Playing It Safe

Are You Playing It Safe or Speaking With Courage?

 

The Marvelous Mrs. Maisel. Have you seen it?

Over the holidays I binge watched season 3 … twice. Once alone, and once with my husband. To say I love the show is an understatement. 

But that’s not what this post is about. Without giving away any spoilers, the final scene in season 3, episode 7 really made me think about the difference between playing it safe and speaking with courage. Let me summarize below.

Comfort Zones

Three characters are seen on screen:

Mrs. (Midge) Maisel – Lead character of the show played by Rachel Brosnahan.

Sophie Lennon – Also a comedian and Mrs. Maisel’s nemesis, played by Jane Lynch.

Susie – Mrs. Maisel’s & Sophie’s somewhat crude, yet caring, manager, played by Alex Borstein.

Sophie, an arrogant comedian who blames everyone else for her shortcomings rather than looking inward, had just debuted in her first non-comedic acting role on Broadway. And she blew it. Instead of staying in character, she reverted back to her comedic comfort zone, making a fool of herself, her manager, the producers and investors.

Appalled, Susie chased Sophie across the stage and out of the theater.

Out on the street, Susie screamed and pointed at the much taller Sophie, calling her a fraud and a coward – with some nerve thinking that Mrs. Maisel is her competition.

Because, as Susie continued, Sophie may be a “star for now,” but Midge Maisel has guts and will be a “goddamn legend.”

Then Midge and Susie walk away, leaving Sophie to hang her head in her own self-doubt and failure.

Playing it Safe or Speaking with Courage?

And that brings me to the point, or rather question, of today’s newsletter.

Would you rather be a “star for now” or a “goddamn legend”?

Here’s what I mean…

A “star for now” plays it safe, like Sophie did, reverting back to what’s comfortable – in her case, a comedic character she is used to playing vs the character she wants to play.

In business, that might look like this:

  • Hiding behind bullet, data and Power points during meetings and presentations.
  • Avoiding in person networking events because you feel uneasy talking about yourself.
  • Sitting quietly in meetings instead of sharing ideas due to a fear of looking foolish.
  • Saying “no” to a speaking opportunity – inside or outside your company – because it’s not what you do
  • Introducing yourself the same way everyone else does (Hi, my name is…) instead of giving them a little “woo”.

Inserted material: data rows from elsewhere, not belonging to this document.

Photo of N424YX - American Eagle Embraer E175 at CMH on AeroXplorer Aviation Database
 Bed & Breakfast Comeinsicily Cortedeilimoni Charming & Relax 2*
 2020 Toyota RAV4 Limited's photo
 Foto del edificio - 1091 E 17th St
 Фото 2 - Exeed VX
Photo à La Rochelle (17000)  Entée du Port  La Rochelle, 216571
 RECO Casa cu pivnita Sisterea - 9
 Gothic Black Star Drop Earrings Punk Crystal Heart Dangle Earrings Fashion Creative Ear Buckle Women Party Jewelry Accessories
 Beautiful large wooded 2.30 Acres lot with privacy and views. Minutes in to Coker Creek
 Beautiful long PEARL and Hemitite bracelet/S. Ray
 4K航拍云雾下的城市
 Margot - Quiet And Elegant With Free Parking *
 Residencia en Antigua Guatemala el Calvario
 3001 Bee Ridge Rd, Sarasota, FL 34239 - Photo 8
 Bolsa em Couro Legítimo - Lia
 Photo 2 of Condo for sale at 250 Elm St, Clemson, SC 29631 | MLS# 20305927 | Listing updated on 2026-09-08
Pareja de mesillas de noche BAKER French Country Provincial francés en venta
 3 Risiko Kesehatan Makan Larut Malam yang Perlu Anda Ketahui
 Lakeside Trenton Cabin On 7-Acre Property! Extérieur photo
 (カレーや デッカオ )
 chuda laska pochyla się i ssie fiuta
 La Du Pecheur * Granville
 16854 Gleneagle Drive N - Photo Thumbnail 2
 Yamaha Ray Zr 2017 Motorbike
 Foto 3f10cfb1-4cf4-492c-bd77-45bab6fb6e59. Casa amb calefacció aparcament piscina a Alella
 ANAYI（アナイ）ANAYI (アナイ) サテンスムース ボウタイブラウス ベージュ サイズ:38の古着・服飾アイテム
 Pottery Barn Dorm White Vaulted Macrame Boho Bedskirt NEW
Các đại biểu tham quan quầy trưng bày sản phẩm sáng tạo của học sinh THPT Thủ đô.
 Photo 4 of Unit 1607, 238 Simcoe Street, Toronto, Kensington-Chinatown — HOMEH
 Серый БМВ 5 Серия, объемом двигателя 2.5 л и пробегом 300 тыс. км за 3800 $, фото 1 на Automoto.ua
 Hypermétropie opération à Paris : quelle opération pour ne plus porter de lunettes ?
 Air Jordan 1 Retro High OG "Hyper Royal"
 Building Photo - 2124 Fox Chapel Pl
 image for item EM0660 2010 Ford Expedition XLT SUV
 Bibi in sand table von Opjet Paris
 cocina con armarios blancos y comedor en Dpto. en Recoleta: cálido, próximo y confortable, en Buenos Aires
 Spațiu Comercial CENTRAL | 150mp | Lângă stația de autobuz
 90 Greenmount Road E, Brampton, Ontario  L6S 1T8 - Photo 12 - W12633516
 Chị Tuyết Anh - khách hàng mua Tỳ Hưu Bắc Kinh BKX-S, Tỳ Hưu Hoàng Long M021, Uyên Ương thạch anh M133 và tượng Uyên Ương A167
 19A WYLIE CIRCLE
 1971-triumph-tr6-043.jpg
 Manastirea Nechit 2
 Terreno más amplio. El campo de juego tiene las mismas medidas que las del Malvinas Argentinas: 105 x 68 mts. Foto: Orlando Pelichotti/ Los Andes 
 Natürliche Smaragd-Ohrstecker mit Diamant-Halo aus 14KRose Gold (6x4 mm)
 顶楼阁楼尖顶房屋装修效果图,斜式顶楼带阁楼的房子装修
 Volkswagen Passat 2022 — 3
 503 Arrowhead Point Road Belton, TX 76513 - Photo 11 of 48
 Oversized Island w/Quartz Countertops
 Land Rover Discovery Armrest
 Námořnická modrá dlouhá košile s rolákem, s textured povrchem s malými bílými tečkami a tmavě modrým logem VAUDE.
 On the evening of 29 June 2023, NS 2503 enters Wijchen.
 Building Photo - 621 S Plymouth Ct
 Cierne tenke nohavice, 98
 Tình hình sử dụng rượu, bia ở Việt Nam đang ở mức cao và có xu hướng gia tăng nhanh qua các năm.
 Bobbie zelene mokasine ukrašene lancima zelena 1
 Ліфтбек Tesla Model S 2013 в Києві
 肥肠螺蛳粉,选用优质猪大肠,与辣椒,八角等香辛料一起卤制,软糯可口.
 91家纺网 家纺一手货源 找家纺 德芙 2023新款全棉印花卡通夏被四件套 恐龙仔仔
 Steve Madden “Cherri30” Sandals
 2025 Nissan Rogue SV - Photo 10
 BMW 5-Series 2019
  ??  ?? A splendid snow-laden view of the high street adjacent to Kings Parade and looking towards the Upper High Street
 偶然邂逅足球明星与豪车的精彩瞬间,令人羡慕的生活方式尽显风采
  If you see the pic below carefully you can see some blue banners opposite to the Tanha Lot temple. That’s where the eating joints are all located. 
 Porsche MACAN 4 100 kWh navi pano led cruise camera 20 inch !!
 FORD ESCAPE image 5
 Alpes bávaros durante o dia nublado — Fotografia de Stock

A legend, though, has guts. They have the courage to challenge the status quo and take a new direction, like Midge Maisel, a 1950s divorced housewife making a go at stand up comedy during a time when women simply don’t do that.

In business, that might look like this:

  • Ditching the powerpoint to work the room and tell compelling stories.
  • Showing up at that networking event with a promise to meet 3 new people, and follow up afterwards.
  • Boldly sharing a new vision, empathizing with others about the challenges, and committing to get them the support they need to be successful.
  • Accepting the challenge of presenting to 300 employees at a company meeting or off-site and hiring a coach to help rock it.
  • Giving your audience (of 1 or 100) something they didn’t know they needed.

Do you want to be a “star for now” or a legend?

See, that episode made me question who it is that I like to follow? Who do I look up to as  a role model? Who inspires me and, more importantly, who do I want to be for others?

I follow legends.

  • Experts putting themselves out there despite any fear or angst.
  • Advocates who aren’t afraid to speak up on behalf of others, with the goal of improving lives (versus speaking up to hurt people intentionally).
  • Leaders who are supportive and inclusive of others.
  • Entrepreneurs who are paving their own way and solving problems no one else is solving.
  • People taking risks and pushing the boundaries.
  • Communicators expressing themselves courageously and whole-heartedly.

Do they make mistakes? Yes. Do all of their endeavors succeed? No. Do they learn, grow and stay in motion? Yes.

That’s exciting. That’s stuff of legends.

Stop Playing it Safe and Be Like Midge

Whether you love Midge or not, the woman has guts. Think about who you follow and who you want to be. 

Will you…

  • Take a chance and accept that speaking gig?
  • Speak up in your next meeting and share your ideas?
  • Reach out to a colleague or employee simply to say “hi”?
  • Attend that networking event, meet, and follow up with three new people?
  • Ditch the PowerPoint and tell your story?
  • Sign up for that acting, singing or comedy class? (Come on, you know you wanna)

Legends don’t have to take big action. They do have to take consistent action. Instead of playing it safe they step into their power… and that takes guts.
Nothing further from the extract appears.